After this innocent CRI DE COEUR of mine, I thought at first there would be a fight, and I remembered with regret that the President in early life had had a hobby of killing lions. But really I began to think that I had been mistaken, and that it was not the President after all. There was a confounding sincerity in the anger with which he declared that he was Farmer Bowles, and everybody knowed it. I appeased him eventually and parted from him at the door of his farmhouse, where he left me with a few tags of religion, which again raised my suspicions of his identity. In the coffee-room to which I returned there was an illustrated paper with a picture of President Kruger, and he and Farmer Bowles were as like as two peas. There was a picture also of a group of Outlander leaders, and the faces of them, leering and triumphant, were perhaps unduly darkened by the photograph, but they seemed to me like the faces of a distant and hostile people.

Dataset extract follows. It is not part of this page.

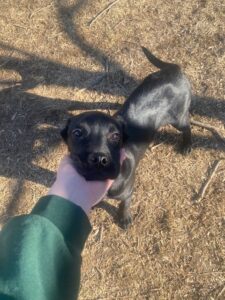 Black Labrador Mix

I saw the old man once again on the fierce night of the poll, when he drove down our Liberal lines in a little cart ablaze with the blue Tory ribbons, for he was a man who would carry his colours everywhere. It was evening, and the warm western light was on the grey hair and heavy massive features of that good old man. I knew as one knows a fact of sense that if Spanish and German stockbrokers had flooded his farm or country he would have fought them for ever, not fiercely like an Irishman, but with the ponderous courage and ponderous cunning of the Boer. I knew that without seeing it, as certainly as I knew without seeing it that when he went into the polling room he put his cross against the Conservative name. Then he came out again, having given his vote and looking more like Kruger than ever. And at the same hour on the same night thousands upon thousands of English Krugers gave the same vote. And thus Kruger was pulled down and the dark-faced men in the photograph reigned in his stead.